Kapolres Kuansing, AKBP R. Ricky Pratidiningrat melalui Kasat Resnarkoba Iptu Hasan Basri menjelaskan penangkapan berawal dari informasi masyarakat mengenai transaksi narkoba menggunakan mobil Toyota Agya warna hitam. Tiga pelaku yang ditangkap masing-masing berinisial D (33, wiraswasta), IB (30, mahasiswa), dan LS (34, ibu rumah tangga).
Dari hasil penggeledahan, polisi menemukan satu kotak rokok berisi paket plastik bening berisi sabu seberat kotor 25,70 gram yang disimpan di dashboard mobil. Selain itu, diamankan tiga unit telepon genggam, satu unit mobil Toyota Agya dengan nomor polisi BM 1254 KZ, serta uang tunai Rp100.000.
“Hasil interogasi menyebutkan barang haram tersebut milik tersangka D. Ia mengaku mendapat sabu dari seseorang berinisial E yang kini masuk Daftar Pencarian Orang (DPO). Transaksi dilakukan senilai Rp13,5 juta, namun baru dibayar Rp8 juta,” kata Iptu Hasan, Jumat (12/9/2025).
Tes urine terhadap ketiga pelaku menunjukkan hasil positif amphetamine.
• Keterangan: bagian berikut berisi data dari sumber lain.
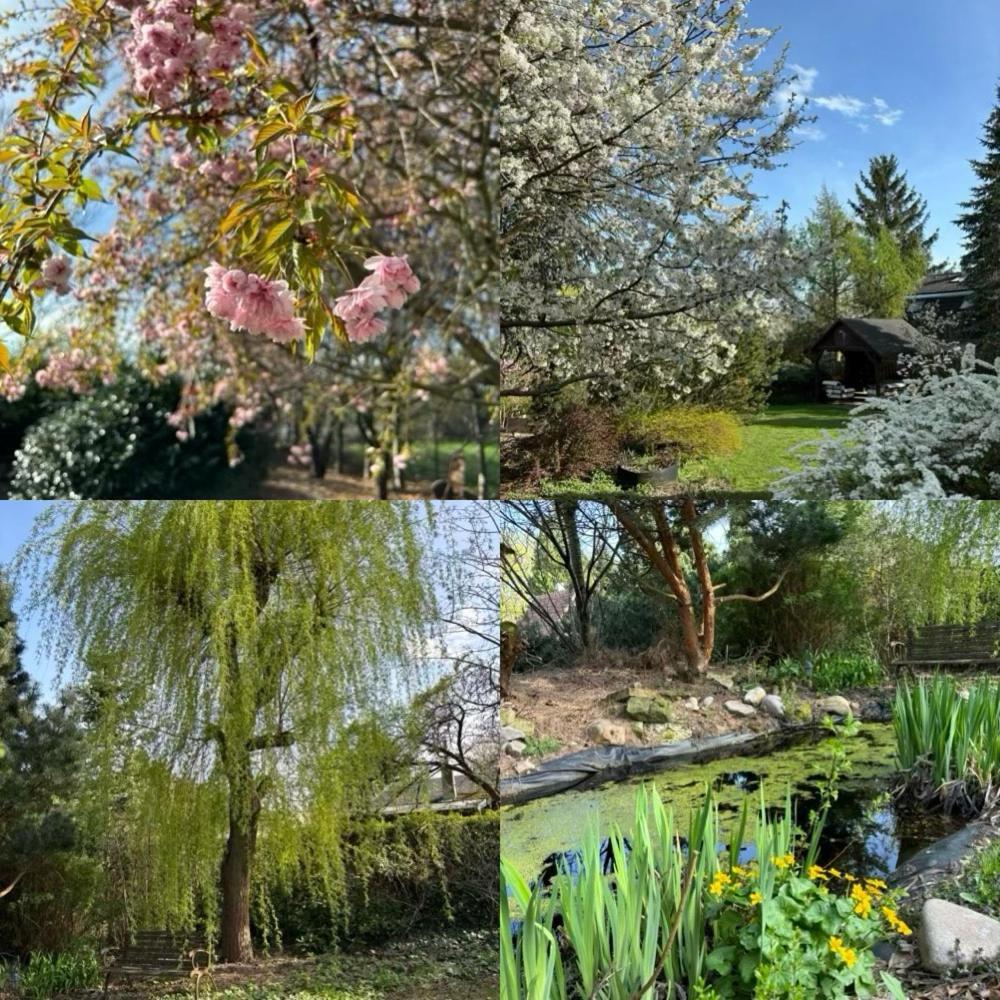 Říčany 7 Bedroom Secluded Villa Close To Prague מראה חיצוני תמונה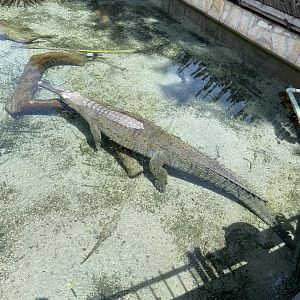 July 2023- Indian Gharial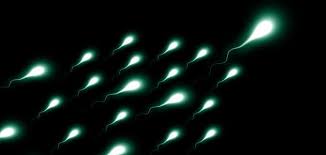Fast facts on retrograde ejaculation men with retrograde ejaculation may ejaculate nothing at all. Ø£Ø³Ø¨Ø§Ø¨ Ù‚Ù„Ø© ÙƒÙ…ÙŠØ© Ø§Ù„Ø³Ø§Ø¦Ù„ Ø§Ù„Ù…Ù†ÙˆÙŠ Ù…ÙˆØ¶ÙˆØ¹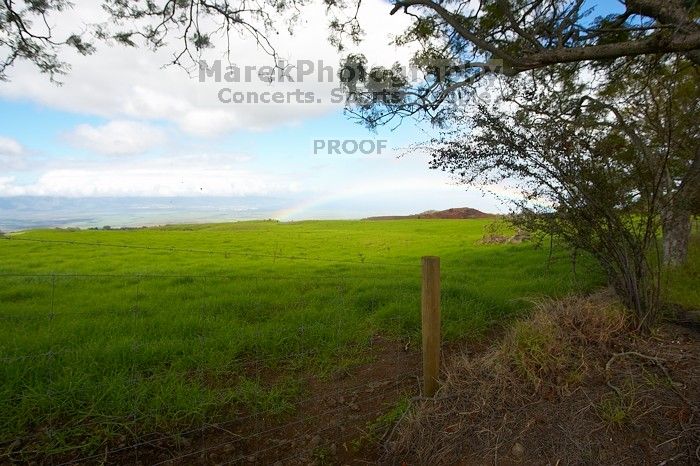 Bike trip down Haleakala. Trip to Maui, Hawai'i, 2007.
Filename: SRM_20071221_1050269.jpg
Aperture: f/8.0
Shutter Speed: 1/250
Body: Canon EOS-1D Mark II
Lens: Sigma 15-30mm f/3.5-4.5 EX Aspherical DG DF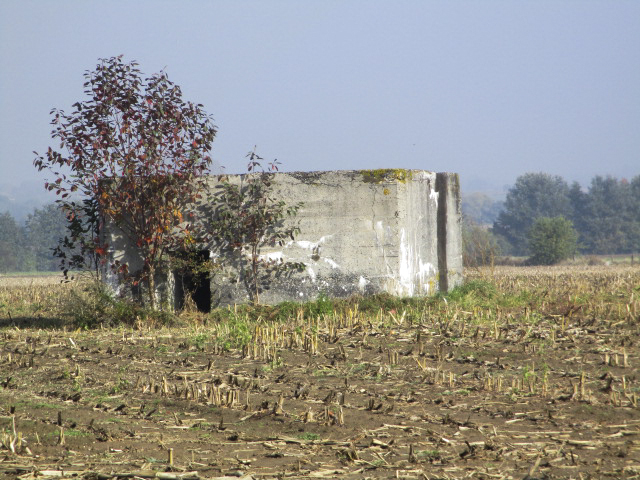 Ligne Maginot - BEF 568B - CRINQUET OUEST 2 - (Blockhaus pour arme infanterie) - Situé dans un champ cultivé, à gauche de la D 995 se dirigeant vers Planard.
Mereka dijerat dengan Pasal 114 ayat (2) juncto Pasal 112 ayat (2) juncto Pasal 132 ayat (1) UU Nomor 35 Tahun 2009 tentang Narkotika dengan ancaman hukuman penjara seumur hidup atau hukuman mati serta denda maksimal Rp10 miliar.
Kapolres Kuansing, AKBP R. Ricky Pratidiningrat, menyampaikan apresiasi atas kerja cepat tim Satresnarkoba. Ia menegaskan Polres Kuansing berkomitmen memberantas peredaran narkoba. “Kami mengajak masyarakat bersama-sama melindungi generasi muda dari bahaya narkotika,” ujarnya.